GABRIELLE BELLOT is a staff writer for Literary Hub. She grew up in the Commonwealth of Dominica. Her work has appeared in The New Yorker, The New York Times, The Atlantic, The Guardian, Shondaland, Guernica, Slate, Tin House, The Paris Review Daily, Los Angeles Review of Books, The Cut, Vice, Electric Literature, The Normal School, The Toast, TOR.com, Caribbean Review of Books, Small Axe, Autostraddle, and many other places. She is the recipient of the 2016 Poynter Fellowship from Yale and also holds a Legacy Fellowship from Florida State University. Bellot holds both an MFA (2012) and a PhD (2017) in Fiction from Florida State University, and currently teaches classes at Catapult and Gotham Writers Workshop.

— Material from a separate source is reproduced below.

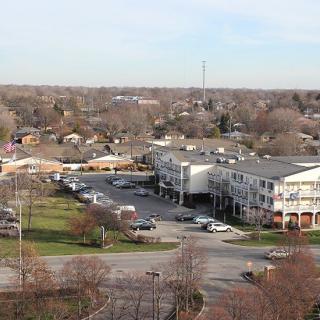 Aerial view of a suburban area with buildings and a parking lot.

NICKOLAS BUTLER is the internationally bestselling and prize-winning author of Shotgun Lovesongs, Beneath the Bonfire, The Hearts of Men, Little Faith, and Godspeed. His work has been translated into more than ten languages and won or been shortlisted for some of France’s most prestigious literary prizes. His journalism, poetry, and reviews have appeared in many publications, such as Ploughshares, Narrative, and The New York Times Book Review to name a few; he also writes a regular column for his local newspaper. Butler lives with his wife and their two children just south of his hometown of Eau Claire, Wisconsin, on sixteen acres of land adjacent to a buffalo farm.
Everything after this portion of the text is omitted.